Opinion
February 19, 1991
Appeal from the Supreme Court, Queens County (Kassoff, J.).
Ordered that the judgment is reversed, on the law, with costs, and the matter is remitted to the Supreme Court, Queens County, for a new hearing on the issue of physical contact with an alleged hit-and-run vehicle.
It was reversible error to admit into evidence a copy of a police accident report, since the investigating officer did not witness the accident and could not identify with any specificity the sources of hearsay information contained in the report (see, Gagliano v Vaccaro, 97 A.D.2d 430; Avram v Haddad, 88 A.D.2d 942; Clarke v Nadel, 50 A.D.2d 851). For similar reasons, the officer's opinion as to the cause of the accident based upon inadmissible hearsay, should also have been stricken (see, Casey v Tierno, 127 A.D.2d 727). Since the court based its findings of credibility and its determination of the facts partly on the basis of this erroneously admitted evidence, a new hearing is required.

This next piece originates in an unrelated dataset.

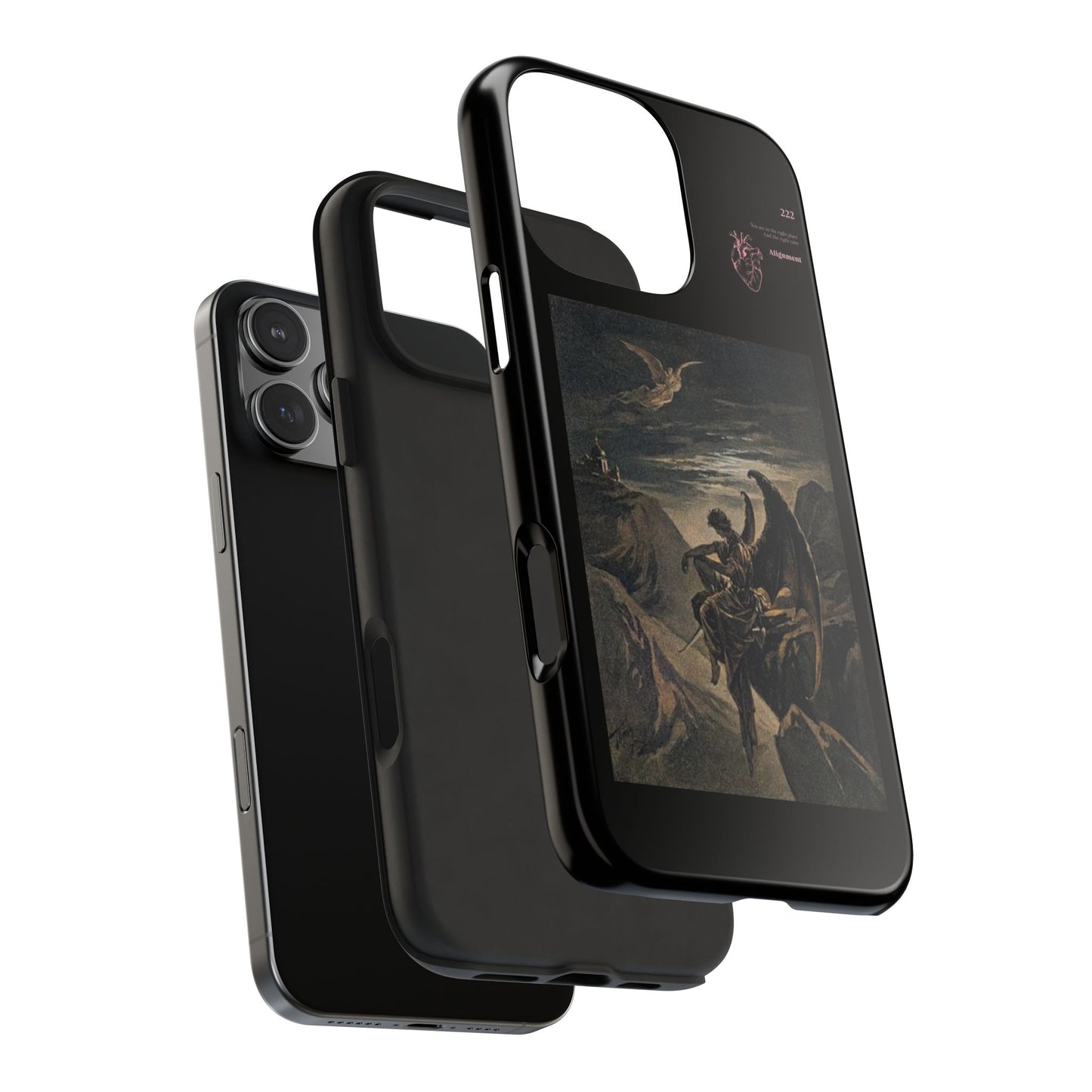 Artistic Tough Phone Case - Vintage Angel Design for Protection and Style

Moreover, the court erred in finding that the appellant had failed to report the hit-and-run accident to the police within 24 hours after the accident. The record shows that the police were on the scene within minutes of the accident and that a police accident report was completed the same day. It is immaterial that the report failed to make reference to physical contact (see, Matter of MVAIC [Lupo], 18 A.D.2d 717, affd 13 N.Y.2d 1017; Matter of Empire Mut. Ins. Co. [Zelin], 120 A.D.2d 365), or failed to specifically label the accident as a "hit-and-run" (see, Matter of Boxill v MVAIC, 33 A.D.2d 13; Matter of Hanavan [MVAIC], 33 A.D.2d 1100). Bracken, J.P., Kooper, Harwood and Balletta, JJ., concur.